DevSecOps, Cloud Security

42Crunch-Cisco collaboration to focus on API security

A visitor tries out a tablet next to a cloud computing symbol at the 2013 CeBIT technology trade fair on March 5, 2013, in Hanover, Germany. Today’s columnist, Josh Stella of Snyk, lays out five fundamentals of cloud security.
(Photo by Sean Gallup/Getty Images)

42Crunch kicked off KubeCon in San Francisco on Monday by announcing a collaboration with Cisco to offer the developer community APIClarity, a new API visibility and security tool that promises to help enterprises fortify their cloud protection.

APIs have increasingly become a favorite target for hackers seeking to compromise cloud environments with malware such as cryptojacking and ransomware. 42Crunch and Cisco aim to address these threats by advocating a “shift-left” approach to API security and discovery that empowers developers to code protection into the API build process.

The two companies believe there’s a real need for this in the marketplace, pointing to a recent study by IBM which found that two-thirds of cloud breaches are attributed to misconfigured APIs.

Ideally, organizations should be proactive with security — rather than reactive — and the same holds true for API security, said Ryan Kennedy, application security consultant at nVisium.

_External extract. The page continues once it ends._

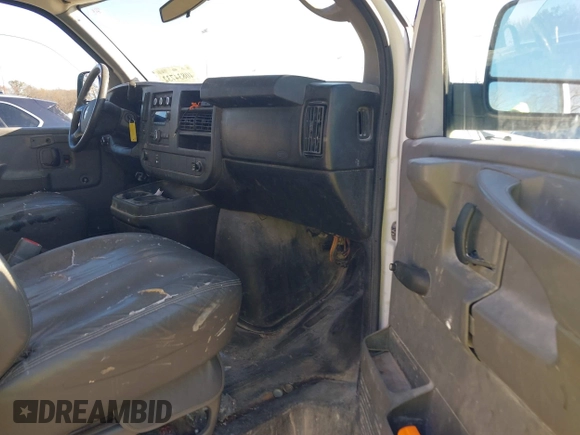 2010 Chevrolet Express Cargo with VIN 1GCZGFBG7A1107946, listed as a IAAI auction lot 40834732 with 247,844 mi miles and . Bid and sale history available at DreamBid. Image 5.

“Leveraging existing standards such as OpenAPI to enforce best practices early on in the API design process will empower developers to secure APIs — without introducing too much friction in the development process,” Kennedy said. “In principle, security issues and misconfigurations should be addressed and caught early on — where both the time and technical costs to remediate issues is less than later on in the API design lifecycle.”

Frank Dickson, vice president for security and trust at IDC, added that the cloud benefits organizations because they can entrust the cloud provider to be increasingly responsible for securing applications. IaaS removes the worries of infrastructure, network and virtualization. PaaS manages the operating system, and SaaS secures the application. 

“However, even with SaaS, we always own responsibility for managing identity and date, and the frontline of that protection is the API,” Dickson said. “Organizations are quickly realizing that it's critical to discover, manage and secure APIs because the failure of a single API may bring an organization to its knees.”